Sets of genes or HP condition lists are very useful for tracking complex data-mining sequences of analysis. For example, derived named gene sets may be used in successive data filters and for reports. For example, one could do the following experiment given four different types of HPs for (e.g. virgin, pregnancy, lactation, and involution)
First compare two HPs using a statistical test such as a t-test. Then save the resulting set of genes under the name "virgin vs. pregnancy". Then compare the next two HPs and save the resulting genes under the name "lactation vs. involution". Finally, compute the difference of genes found in "virgin vs. pregnancy" that are not found in "lactation vs. involution". This resulting gene set could then be saved (e.g. with a name "Genes found in virgin vs. pregnancy, but not in lactation vs. involution").
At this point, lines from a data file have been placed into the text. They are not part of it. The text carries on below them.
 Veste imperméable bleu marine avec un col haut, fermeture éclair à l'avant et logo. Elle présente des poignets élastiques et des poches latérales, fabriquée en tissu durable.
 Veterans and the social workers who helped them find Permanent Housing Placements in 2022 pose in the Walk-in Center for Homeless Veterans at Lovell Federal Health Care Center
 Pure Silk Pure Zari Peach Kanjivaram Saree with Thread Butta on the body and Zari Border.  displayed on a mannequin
Similarly, taking the intersection of these two named sets shows genes that are common between the two sets. Taking the union shows genes found in either of the two named sets.

The Edit menu contains the following main selections. All of these entities and preferences are saved as part of the startup state when you do a (File | Databases | SaveAs ... DB).
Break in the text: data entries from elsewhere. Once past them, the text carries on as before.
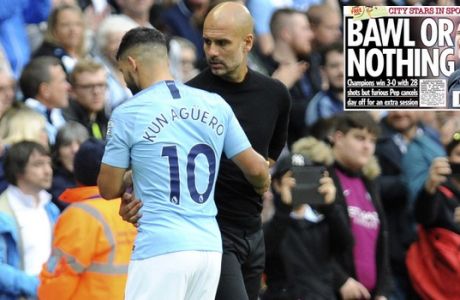 Manchester City's Sergio Aguero, left, reacts with Manchester City manager Josep Guardiola after being substituted by Manchester City's Gabriel Jesus during the English Premier League soccer match between Manchester City and Fulham at Etihad stadium in Manchester, England, Saturday, Sept. 15, 2018. (AP Photo/Rui Vieira)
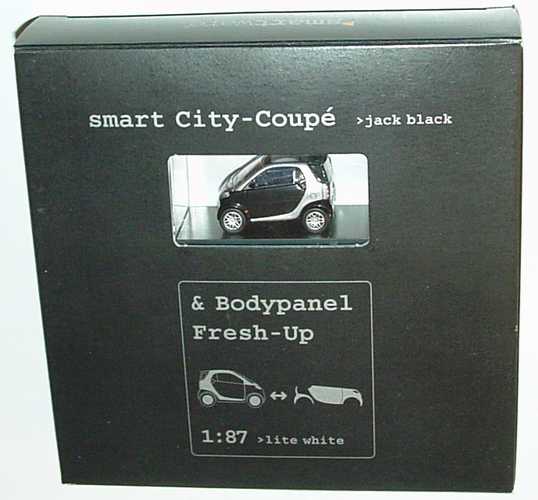 Foto 1:87 MCC Smart City-Coupé jack-black/silber-met. + Bodypanels in lite white Werbemodell Busch 0004832V000C08Q00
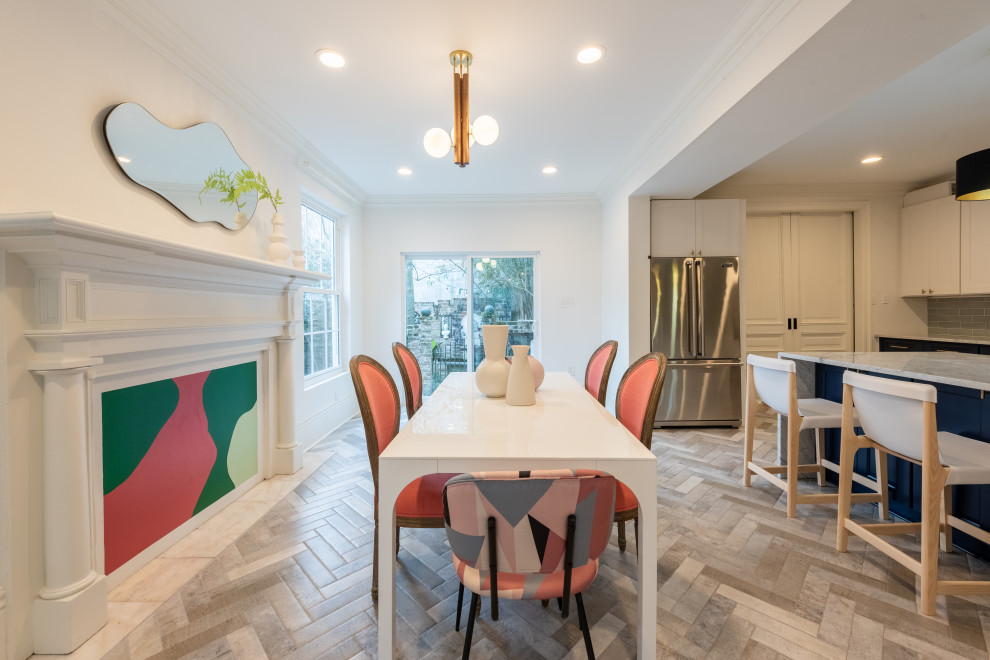 Photo of a mid-sized eclectic kitchen/dining combo in New Orleans with white walls, marble floors, no fireplace and grey floor.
2.3.1 User edited gene list - the 'Edited Gene List' menu

You may define and edit arbitrary sets of genes using the User edited gene list submenu to modify the 'Edited Gene List' (EGL). This has sub-modes of operation for adding or removing genes from the image by clicking on spots. If the Show 'Edited Gene List' mode is set, you may see exactly which genes you have defined by the magenta squares drawn around each gene in the EGL. Many of the clustering operations will leave the current cluster in the EGL. The commands include:

This gives you the functionality of adding and deleting genes from a user defined list of genes to be analyzed. The EGL may be used with the gene-set operations discussed in
Section 2.3.2. You may also define genes in the EGL using the "Gene Name Guesser" shown in Figure 2.3.1.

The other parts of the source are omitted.